An object’s size affects the amount of gravity something or someone has. The bigger the object, the more gravity it will have, and the smaller the object, the less gravity if will have. The distance between two objects also affects how much gravity exists between the two objects. The closer the objects, the stronger the gravity.

How close are you to your computer screen RIGHT NOW? Or, if you’re like me, you’re reading this on a smart phone (remember life before smart phones? Yeah, I don’t want to either.). Come closer. That’s what Specter is inviting you to do. Come closer. That’s what Specter is inviting writers to do. Divide your life, pre- and post-, with Specter and its living denizens as the demarcation of everything before and everything after.
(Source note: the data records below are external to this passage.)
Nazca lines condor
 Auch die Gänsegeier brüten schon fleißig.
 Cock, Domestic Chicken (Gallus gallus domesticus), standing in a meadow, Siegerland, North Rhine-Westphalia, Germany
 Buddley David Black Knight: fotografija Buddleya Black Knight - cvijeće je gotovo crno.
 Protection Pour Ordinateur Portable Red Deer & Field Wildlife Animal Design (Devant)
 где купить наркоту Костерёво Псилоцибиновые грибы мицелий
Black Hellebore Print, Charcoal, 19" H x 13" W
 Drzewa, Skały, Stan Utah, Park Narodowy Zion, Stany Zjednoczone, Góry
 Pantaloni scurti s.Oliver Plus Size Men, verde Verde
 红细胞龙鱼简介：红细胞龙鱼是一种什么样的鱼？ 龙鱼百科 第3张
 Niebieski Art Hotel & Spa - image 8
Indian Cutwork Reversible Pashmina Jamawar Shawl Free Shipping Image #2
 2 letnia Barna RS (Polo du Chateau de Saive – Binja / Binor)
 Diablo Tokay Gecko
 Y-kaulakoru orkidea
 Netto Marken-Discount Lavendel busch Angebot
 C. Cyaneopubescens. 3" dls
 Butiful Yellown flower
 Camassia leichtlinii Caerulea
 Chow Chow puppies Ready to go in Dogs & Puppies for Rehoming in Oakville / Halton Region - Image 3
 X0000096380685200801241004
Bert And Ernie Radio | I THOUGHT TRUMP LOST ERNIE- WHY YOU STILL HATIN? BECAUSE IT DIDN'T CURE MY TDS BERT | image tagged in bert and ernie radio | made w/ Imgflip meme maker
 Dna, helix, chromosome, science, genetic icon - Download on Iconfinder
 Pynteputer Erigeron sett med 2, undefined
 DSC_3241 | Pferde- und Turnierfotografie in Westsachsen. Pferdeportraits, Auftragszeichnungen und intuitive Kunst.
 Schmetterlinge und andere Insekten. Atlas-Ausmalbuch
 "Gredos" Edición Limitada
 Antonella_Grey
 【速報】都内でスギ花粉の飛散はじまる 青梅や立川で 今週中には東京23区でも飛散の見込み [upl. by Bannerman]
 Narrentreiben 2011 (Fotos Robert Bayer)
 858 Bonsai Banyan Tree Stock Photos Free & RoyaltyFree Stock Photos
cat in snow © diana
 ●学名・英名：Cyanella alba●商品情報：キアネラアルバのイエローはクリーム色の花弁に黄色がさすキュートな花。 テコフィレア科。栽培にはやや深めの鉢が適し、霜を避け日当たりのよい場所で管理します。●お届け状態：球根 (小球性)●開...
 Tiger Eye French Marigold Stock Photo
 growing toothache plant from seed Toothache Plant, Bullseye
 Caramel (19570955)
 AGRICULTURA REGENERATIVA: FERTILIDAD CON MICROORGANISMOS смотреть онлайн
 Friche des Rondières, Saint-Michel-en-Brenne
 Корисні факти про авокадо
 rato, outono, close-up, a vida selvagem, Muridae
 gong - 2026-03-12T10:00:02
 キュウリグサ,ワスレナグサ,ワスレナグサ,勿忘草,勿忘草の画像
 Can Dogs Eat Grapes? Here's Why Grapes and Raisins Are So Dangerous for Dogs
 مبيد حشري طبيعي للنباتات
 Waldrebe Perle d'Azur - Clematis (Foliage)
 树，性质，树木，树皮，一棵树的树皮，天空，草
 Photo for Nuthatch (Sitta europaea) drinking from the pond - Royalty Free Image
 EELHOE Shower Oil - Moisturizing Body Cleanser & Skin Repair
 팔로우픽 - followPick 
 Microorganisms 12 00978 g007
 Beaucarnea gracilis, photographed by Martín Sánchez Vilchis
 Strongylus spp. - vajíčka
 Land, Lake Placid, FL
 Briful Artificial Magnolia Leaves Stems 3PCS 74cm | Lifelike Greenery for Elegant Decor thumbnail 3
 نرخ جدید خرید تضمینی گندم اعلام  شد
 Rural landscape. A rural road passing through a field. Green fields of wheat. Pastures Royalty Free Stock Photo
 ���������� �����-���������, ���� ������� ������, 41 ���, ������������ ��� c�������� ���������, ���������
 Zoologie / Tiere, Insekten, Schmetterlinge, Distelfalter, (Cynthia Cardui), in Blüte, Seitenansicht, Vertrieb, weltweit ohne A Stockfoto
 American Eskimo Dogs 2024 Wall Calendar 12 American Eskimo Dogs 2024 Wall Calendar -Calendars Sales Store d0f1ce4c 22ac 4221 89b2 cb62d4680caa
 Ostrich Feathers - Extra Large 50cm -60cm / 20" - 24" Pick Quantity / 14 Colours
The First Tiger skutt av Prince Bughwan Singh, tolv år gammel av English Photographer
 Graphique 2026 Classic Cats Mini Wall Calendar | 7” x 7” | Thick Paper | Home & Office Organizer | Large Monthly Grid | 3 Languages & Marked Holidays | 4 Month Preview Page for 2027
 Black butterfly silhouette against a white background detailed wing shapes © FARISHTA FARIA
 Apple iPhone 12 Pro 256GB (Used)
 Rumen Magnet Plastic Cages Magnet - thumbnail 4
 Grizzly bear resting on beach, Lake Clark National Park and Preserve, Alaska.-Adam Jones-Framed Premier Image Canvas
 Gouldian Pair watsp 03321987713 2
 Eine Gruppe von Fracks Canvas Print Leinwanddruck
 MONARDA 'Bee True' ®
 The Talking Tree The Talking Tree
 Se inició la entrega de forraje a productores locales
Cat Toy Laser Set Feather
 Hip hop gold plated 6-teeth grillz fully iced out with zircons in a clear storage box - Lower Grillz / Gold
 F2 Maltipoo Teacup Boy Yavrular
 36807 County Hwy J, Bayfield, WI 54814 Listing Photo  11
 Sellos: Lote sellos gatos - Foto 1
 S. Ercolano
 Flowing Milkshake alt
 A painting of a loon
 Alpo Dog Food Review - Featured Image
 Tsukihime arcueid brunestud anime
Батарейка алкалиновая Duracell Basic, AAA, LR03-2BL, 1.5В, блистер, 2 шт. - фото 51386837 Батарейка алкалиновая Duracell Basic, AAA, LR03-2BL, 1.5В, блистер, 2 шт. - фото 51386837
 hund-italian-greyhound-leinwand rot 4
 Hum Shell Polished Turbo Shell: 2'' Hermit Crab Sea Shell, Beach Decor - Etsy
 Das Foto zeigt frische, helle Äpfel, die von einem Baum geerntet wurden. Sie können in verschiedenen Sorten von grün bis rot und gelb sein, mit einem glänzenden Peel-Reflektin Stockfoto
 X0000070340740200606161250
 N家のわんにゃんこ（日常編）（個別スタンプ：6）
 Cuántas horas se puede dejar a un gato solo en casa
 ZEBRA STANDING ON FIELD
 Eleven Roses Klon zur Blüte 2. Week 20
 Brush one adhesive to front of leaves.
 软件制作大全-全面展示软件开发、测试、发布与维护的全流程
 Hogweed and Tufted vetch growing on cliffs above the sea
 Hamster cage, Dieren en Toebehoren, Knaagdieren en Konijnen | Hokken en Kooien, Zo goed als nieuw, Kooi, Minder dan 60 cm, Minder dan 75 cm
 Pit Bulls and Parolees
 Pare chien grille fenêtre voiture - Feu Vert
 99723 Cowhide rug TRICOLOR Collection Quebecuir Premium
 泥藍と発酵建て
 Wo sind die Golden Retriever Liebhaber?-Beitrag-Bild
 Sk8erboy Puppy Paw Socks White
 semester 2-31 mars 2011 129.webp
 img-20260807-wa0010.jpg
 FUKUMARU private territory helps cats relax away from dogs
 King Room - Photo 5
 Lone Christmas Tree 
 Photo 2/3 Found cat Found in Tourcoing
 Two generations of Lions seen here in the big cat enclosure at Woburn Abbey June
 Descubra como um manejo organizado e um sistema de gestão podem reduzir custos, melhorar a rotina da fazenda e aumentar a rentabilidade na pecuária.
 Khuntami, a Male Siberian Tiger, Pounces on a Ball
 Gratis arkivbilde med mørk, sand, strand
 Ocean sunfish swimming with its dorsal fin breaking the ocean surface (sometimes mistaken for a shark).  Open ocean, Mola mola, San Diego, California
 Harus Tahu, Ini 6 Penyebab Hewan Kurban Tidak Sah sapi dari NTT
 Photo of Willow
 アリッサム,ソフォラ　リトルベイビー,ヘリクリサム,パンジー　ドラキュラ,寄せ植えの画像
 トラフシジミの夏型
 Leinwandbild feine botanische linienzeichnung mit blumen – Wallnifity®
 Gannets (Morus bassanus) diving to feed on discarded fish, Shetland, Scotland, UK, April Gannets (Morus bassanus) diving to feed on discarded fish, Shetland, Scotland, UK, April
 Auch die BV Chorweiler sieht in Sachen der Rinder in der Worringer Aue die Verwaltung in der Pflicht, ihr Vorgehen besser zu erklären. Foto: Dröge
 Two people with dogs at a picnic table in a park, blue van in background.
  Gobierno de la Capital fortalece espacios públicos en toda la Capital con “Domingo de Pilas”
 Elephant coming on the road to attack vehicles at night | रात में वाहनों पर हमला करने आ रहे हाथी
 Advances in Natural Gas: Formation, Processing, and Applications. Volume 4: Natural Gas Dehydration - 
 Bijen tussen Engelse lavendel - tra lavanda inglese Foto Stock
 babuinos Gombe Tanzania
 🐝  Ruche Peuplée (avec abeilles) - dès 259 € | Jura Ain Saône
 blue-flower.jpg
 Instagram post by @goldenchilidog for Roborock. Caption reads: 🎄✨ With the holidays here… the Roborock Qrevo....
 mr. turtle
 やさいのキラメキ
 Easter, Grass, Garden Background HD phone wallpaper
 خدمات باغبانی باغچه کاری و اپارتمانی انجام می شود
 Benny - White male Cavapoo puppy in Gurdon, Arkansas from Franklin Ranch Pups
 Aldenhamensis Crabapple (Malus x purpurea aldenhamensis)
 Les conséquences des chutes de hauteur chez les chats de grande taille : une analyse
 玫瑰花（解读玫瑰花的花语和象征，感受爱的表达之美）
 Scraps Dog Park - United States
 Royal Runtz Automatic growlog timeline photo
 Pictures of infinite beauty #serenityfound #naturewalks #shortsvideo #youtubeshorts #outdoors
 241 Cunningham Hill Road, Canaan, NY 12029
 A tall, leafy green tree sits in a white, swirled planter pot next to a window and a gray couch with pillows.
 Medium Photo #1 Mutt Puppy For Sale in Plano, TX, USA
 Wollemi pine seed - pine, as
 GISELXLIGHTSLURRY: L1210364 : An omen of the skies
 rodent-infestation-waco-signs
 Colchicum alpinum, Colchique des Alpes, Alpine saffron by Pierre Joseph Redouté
If not gravity, then what? The movement of electrons creates a magnetic field around a magnet. A magnet’s magnetic field will attract or repel certain metals and other magnets. Magnets have two poles. Connect two magnets by their opposite poles, and the magnetic field brings them together. Connect two magnets by their same poles, and the magnetic field pushes they apart.

There are three types of magnets: permanent, temporary, and electromagnetic. Permanent magnets maintain their magnetic properties for an extended period of time; temporary magnets lose their magnetism more quickly; and electromagnets are created by and with electricity.

At the beginning of a relationship, you have to wonder if you’re in love with the person or in love with how love feels. Loving for love’s sake never works. When you seek love, often you find something you didn’t even know existed. Often, you don’t even know until time has passed what you have found. Occasionally, you know right away.

I’ve had to ask people (OK, mostly men) to fall in love with me, not with my words. How easy to fall in love with words on the page. I’m guilty of doing it. Do you know how many characters I’ve wanted to meet (and, to be honest, I thought this blog post was going to be about the fictional people I wish were nonfictional; maybe next week)? And do you know how many authors I thought were capable of being my best friend based on how well I loved their words?

Several. Too many in fact.

But, anything can be a beginning as long as you call it one.

Even an issue zero of a literary magazine that endeavors to be more than just a place where you occasionally come and find a little something you like. Fresh content daily. That should be somewhere in the masthead. As should, come for the appetizer, but stay for the meal. Or, if you like, come for the high-octane, low-calorie offerings from some of the mightiest word chefs on the planet (ask any of us why we’re here, and I’m guessing we would all say something along the lines of being unable to do anything but write).

Trust nothing to memory, Charles Darwin said. Each moment and experience in life can feel like the best, and the past fades with time. Memory isn’t always accurate. Darwin kept lists to help him remember. All that remains: photographs and memories. But both fade in and with time.

Rebecca Stead, in her Newbury-award winning When You Reach Me, posits that time travel is much like the arrangement of diamonds on a ring. Jump from one diamond to another diamond, and you can travel through time. The diamonds (read: these moments in time) exist alongside the next diamond in the chain. In other words, the moment before you found Specter exists alongside the moment during which you decided to read Specter, and this moment exists alongside the moment after you finished Specter and decided to tell someone you love to check out this fledgling literary endeavor.

Which you should be doing.

Right now.

Tell them to come and stay however long they want. A porch light is always left on for the explorer who gets caught in these words – our words – long past bedtime and long past the time in which all good exploring must come to its end.